What does it take for your company to experience lasting benefits from artificial intelligence (AI)? Are you hearing about the AI hype but need more tools to lead durable, scalable change? Leaders in every industry and business function are exploring the changes to their role and their team due to AI technology. Many companies have launched AI pilot projects to experiment and identify AI use cases that can be scaled across an enterprise. However, according to a Gartner survey, 49% of leaders who are highly involved in AI struggle to estimate and demonstrate the value of AI. To realize the growing benefits of AI, you need to develop a thoughtful AI strategy that integrates with your overall business strategy.

Before you can develop an AI strategy for your business, you need a foundational understanding of AI technology—how it works, its capabilities, and its limitations. If you haven’t read the Leader’s Guide to Building AI Acumen and Maximizing Business Impact, we recommend starting here and then returning to this blog.

With a foundational understanding of AI, it is now time to begin building your AI strategy. Here are the four building blocks of a winning AI strategy.

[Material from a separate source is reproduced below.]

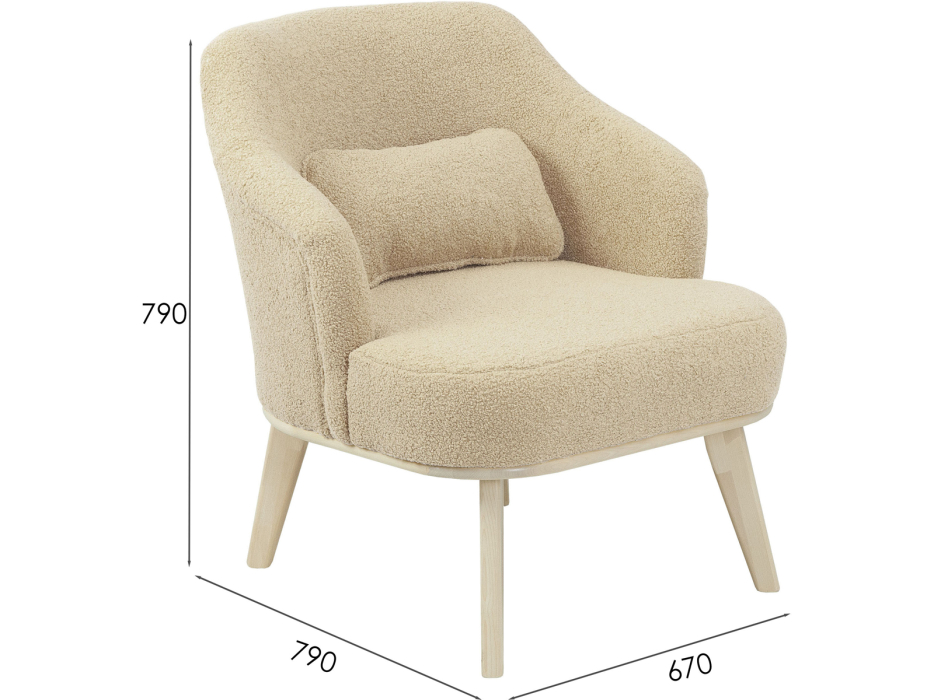 Кресла, Кресло Мебелик Комфорт 5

  1. Your overall business strategy
  2. Your core business processes that drive your business strategy
  3. Use case identification & technical feasibility
  4. Prioritization for selecting which uses cases to tackle now or later

Let’s break each of these components down further.

# The Four Building Blocks of a Winning AI Strategy


# 1. Your Overall Business Strategy

Your AI strategy should be in service of your overall business strategy. In many ways, starting with your business strategy will make things less complicated—you already have part of the puzzle. Think of your priority focus areas for the fiscal year documented in your strategic plan, objectives and key results, or big bets. Perhaps these are supply chain efficiencies, workforce retention, and satisfaction, or higher customer personalization and loyalty. Are you accountable to an enterprise-wide strategic objective? Or do you lead a single department? Either way, write down the priority workstreams for this year. The more specific you are, the easier the next step will be.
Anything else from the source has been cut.